Reducing the problem to finding the maximum independent set problem
- From a graph G, find at least n nodes (from N) such that there are no edges connecting any two nodes.
- The key idea of the proof: a maximum independent set of n nodes comprises nodes that are not connected, thus the edges are with weight
  1. After adding the new stripe, the maximum weight of any edge in this independent set becomes 1 (from 0 to 1 with one more block), which is minimized.
Solution: a greedy heuristic to place the new stripe.
- Input: current recovery load graph
- Output: n nodes to place the stripe, where the recovery load is the smallest possible
- Algorithm sketch:
  - It iteratively finds n nodes from N nodes.
    - First, randomly select the first node with the smallest weight (connecting to the neighbors)
    - Next, filter out invalid nodes (violating fault tolerance)
    - Third: find nodes that can satisfy uniform distribution
    - Fourth: find nodes with the currently smallest weight
Redistribution of data upon full-node recovery
- Propose a greedy heuristic (Algorithm 2), which is very similar to Algorithm 1
- Algorithm 2 is repeatedly called to place data for each stripe
When new data comes, Algorithm 1 is repeatedly called for each new stripe to reduce the maximum load of full-node recovery
Discussion: how to handle the situation when new nodes are added (instead of new stripes)
- Limit the number of nodes selected from the new nodes to place the new data
Evaluation
- The design shows a more random data placement, and smaller variance on load distribution
- The design shows that the system is capable to reduce the variance of load distribution upon new disks added
- The design shows significantly reduced full-node recovery time
- Performance:
  - Implementation: based on RCStor (SOSP’23 Geometric Partitioning)
  - Evaluate RS, LRC and Clay code
  - Homogeneous network settings
  - Evaluation shows that the placement algorithm significantly reduces the full-node recovery time versus the random data placement algorithm

Strength

The paper considers an iterative algorithm to generate data placement to reduce the full-node recovery time.

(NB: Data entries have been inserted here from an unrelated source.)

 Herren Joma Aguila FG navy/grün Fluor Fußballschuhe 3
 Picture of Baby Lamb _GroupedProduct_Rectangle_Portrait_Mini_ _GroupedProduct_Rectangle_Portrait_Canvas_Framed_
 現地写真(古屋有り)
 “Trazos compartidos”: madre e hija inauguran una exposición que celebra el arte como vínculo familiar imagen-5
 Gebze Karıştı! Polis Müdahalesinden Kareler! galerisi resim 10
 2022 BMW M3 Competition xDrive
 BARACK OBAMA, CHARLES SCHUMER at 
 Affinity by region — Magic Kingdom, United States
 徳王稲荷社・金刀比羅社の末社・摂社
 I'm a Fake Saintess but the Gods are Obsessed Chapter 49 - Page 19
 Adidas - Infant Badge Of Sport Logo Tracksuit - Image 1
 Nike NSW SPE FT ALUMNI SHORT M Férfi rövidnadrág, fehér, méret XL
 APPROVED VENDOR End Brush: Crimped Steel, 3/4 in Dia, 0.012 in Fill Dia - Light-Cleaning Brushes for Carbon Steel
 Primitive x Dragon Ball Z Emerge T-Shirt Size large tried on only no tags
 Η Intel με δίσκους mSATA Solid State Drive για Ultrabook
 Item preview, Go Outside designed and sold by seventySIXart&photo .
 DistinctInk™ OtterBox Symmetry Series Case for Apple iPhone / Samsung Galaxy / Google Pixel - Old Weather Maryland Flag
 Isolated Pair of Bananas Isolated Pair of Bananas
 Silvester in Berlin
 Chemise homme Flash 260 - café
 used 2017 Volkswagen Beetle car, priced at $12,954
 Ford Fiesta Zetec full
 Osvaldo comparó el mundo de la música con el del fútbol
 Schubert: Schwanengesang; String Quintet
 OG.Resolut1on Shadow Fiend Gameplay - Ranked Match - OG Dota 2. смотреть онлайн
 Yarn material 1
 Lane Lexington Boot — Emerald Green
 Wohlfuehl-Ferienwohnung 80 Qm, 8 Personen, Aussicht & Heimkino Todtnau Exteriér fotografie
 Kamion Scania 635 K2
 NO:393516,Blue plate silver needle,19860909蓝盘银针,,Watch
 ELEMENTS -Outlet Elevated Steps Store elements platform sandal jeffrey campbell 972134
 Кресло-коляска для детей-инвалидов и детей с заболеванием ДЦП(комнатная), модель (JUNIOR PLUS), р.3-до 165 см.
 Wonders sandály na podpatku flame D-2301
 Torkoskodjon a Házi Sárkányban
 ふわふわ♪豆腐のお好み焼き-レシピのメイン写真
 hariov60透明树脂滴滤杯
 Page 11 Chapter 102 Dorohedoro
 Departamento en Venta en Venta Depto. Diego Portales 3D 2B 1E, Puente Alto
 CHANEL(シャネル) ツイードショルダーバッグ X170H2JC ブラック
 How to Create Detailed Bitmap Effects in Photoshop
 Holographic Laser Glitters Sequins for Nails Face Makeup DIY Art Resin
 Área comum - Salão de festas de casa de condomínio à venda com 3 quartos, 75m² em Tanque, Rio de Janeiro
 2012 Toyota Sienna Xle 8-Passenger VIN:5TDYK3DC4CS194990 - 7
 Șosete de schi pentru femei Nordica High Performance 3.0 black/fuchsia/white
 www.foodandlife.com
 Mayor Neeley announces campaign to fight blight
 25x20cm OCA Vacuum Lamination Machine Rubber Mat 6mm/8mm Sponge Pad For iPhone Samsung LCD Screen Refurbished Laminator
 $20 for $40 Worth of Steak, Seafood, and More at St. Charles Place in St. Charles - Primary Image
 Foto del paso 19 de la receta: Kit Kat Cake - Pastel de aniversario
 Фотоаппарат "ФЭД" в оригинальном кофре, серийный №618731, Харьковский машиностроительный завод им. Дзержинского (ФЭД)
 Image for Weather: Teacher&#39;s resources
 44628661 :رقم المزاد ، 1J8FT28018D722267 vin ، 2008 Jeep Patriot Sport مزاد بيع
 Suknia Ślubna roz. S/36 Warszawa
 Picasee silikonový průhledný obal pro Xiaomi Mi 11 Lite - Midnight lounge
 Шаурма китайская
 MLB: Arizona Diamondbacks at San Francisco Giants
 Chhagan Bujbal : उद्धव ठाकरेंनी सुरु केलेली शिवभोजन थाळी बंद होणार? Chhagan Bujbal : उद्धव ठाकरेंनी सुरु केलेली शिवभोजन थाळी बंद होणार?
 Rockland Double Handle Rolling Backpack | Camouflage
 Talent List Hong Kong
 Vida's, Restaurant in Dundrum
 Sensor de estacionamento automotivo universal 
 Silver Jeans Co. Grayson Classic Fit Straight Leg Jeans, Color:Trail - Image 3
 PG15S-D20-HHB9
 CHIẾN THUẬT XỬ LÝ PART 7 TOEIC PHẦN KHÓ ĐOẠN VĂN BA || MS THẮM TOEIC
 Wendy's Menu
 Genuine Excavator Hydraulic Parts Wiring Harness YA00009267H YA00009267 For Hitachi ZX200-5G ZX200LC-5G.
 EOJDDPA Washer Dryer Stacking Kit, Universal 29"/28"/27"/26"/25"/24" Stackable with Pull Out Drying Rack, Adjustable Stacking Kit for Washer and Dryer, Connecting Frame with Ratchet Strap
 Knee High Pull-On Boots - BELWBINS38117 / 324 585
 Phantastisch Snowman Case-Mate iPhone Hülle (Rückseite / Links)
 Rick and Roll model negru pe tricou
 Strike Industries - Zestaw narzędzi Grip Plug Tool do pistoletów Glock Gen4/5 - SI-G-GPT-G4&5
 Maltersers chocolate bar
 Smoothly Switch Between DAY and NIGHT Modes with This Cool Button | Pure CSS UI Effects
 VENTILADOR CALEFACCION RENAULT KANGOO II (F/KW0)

The problem formulation is interesting, although not easy to understand at the beginning. It assumes data are added to the system iteratively. Based on the assumption, it designs placement algorithm to place each of the new stripe, such that the data are as evenly distributed as possible, while the maximum recovery load is reduced. It formulates the problem and prove the NP-hardness of the problem.

Weakness

The most important weakness is that the recovery load matrix for each stripe is fixed. Even though it’s OK for RS code (with n - k = 1) and Clay code (with d = n - 1), in general, it’s not reasonable for a lot of codes, where there are numerous repair load matrices. The assumption is that it picks one of the candidate repair load matrices, and uses it for all stripes. Actually this assumption overlooks the MDS property, where collecting any k of n blocks are able to reconstruct the data.
It considers the data are iteratively added to the system. Whether the algorithm is capable of adjusting existing data placement to a recovery load -balanced placement worth exploring.